Das mit dem Olympiasieger-Kandidaten Dauth kam später, 1991. Das Zitat stammt vom ehemaligen Zehnkampf-Europameister Guido Kratschmer, aber eigentlich sagten damals alle solche Dinge über Dauth. Sprachen vom „Rohdiamant Dauth“ und vom „Phänomen Dauth, das alle Leichtathletikregeln auf den Kopf stellt“. Der junge Torwart war plötzlich zum Hoffnungsträger unter den deutschen Zehnkämpfern geworden.
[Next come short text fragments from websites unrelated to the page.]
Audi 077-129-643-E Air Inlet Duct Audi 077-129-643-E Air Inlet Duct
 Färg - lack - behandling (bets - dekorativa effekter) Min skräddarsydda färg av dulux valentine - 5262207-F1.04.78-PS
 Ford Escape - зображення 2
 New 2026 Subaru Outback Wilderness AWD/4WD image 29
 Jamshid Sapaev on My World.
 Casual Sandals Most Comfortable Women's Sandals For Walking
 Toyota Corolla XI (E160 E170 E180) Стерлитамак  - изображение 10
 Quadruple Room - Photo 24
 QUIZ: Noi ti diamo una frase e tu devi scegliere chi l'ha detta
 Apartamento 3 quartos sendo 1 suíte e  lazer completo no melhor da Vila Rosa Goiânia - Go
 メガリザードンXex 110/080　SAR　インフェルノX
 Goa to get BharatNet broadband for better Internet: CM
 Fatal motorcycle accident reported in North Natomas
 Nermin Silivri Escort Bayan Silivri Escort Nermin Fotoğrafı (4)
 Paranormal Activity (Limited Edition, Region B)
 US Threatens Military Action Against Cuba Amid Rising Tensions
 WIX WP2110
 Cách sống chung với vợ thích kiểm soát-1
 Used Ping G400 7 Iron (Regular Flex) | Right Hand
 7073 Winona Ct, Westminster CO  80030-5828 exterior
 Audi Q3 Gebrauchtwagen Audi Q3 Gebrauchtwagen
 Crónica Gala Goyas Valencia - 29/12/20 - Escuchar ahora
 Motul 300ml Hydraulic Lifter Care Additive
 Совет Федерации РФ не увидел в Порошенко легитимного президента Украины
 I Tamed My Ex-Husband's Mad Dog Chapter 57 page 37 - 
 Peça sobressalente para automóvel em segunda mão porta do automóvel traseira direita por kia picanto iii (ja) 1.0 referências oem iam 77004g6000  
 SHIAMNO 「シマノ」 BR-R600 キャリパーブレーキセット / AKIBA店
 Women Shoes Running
Diesmal war er an keine Entscheidungskreuzung gekommen, wie damals bei der Frage für Daum oder gegen Daum. Diesmal lag das irgendwie auf dem Weg. Als der Deutsche Jürgen Hingsen im olympischen Zehnkampf von Seoul einen Fehlstart nach dem anderen hinlegte, dachte sich Dauth: „Das kannst du auch.“ Ein Jahr später ließ er sich für ein Wochenende vom Fußball beurlauben. Seither erzählt man sich unter Zehnkämpfern die Geschichte mit den Turnschuhen.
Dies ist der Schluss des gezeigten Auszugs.